TASK DETAILS ▸ Pictures excluded, output the lines of the data below between the one holding "京都市北区衣笠西尊上院町の地価公示推移グラフ" and the one holding "전국 유치원 및 원아 추이=그래픽 강준구 기자", inclusive, exactly as they stand.

====== TASK DATA ======

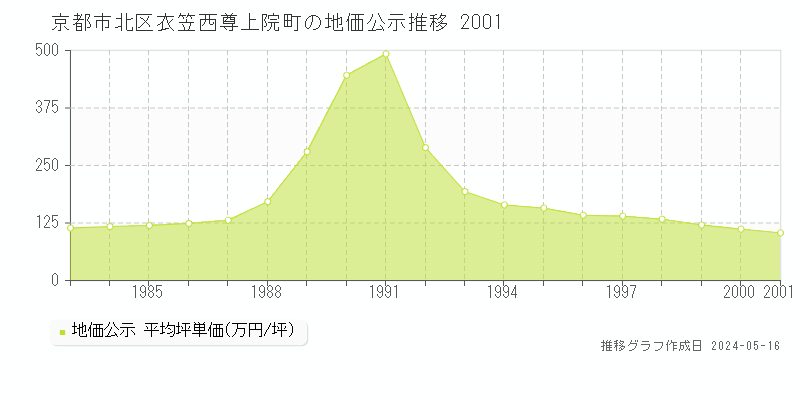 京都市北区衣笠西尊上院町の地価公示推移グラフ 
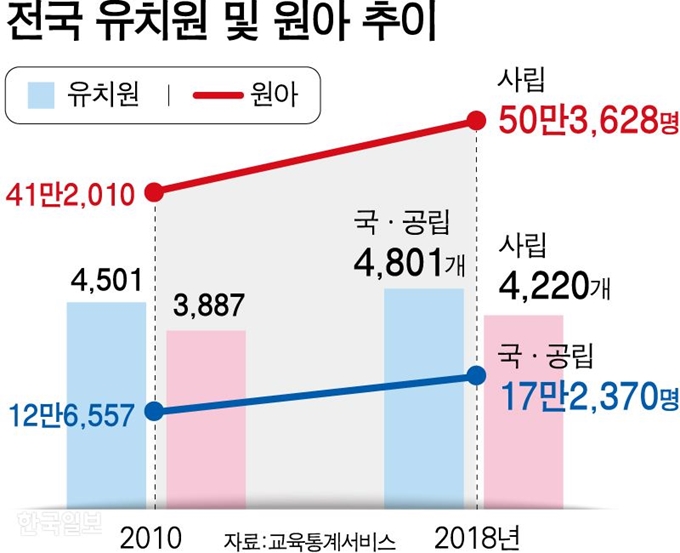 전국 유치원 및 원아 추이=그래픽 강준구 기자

======
====== TASK DATA ======

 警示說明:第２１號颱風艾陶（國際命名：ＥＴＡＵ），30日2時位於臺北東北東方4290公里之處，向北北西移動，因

======
====== TASK DATA ======

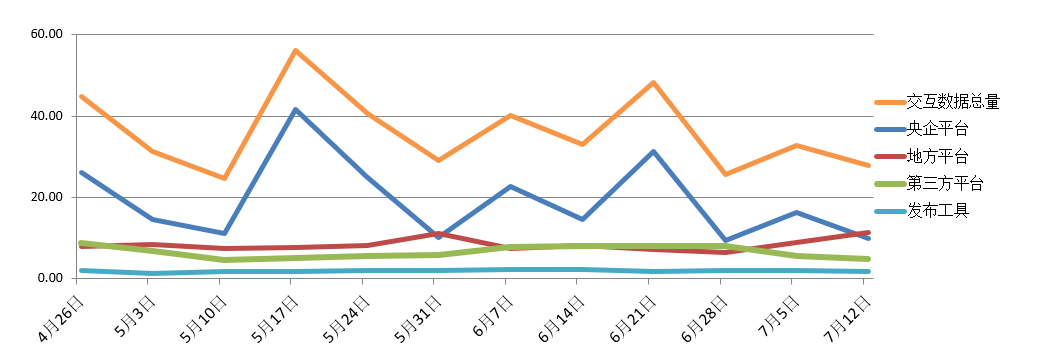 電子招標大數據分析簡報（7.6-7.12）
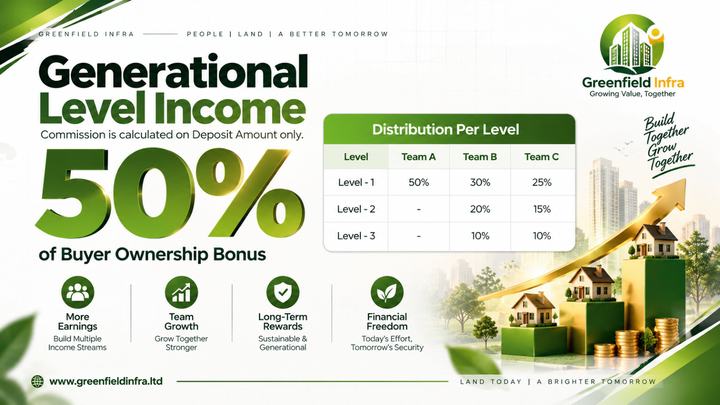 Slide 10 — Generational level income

======

EXERCISE SOLUTION ▸
 京都市北区衣笠西尊上院町の地価公示推移グラフ 
 전국 유치원 및 원아 추이=그래픽 강준구 기자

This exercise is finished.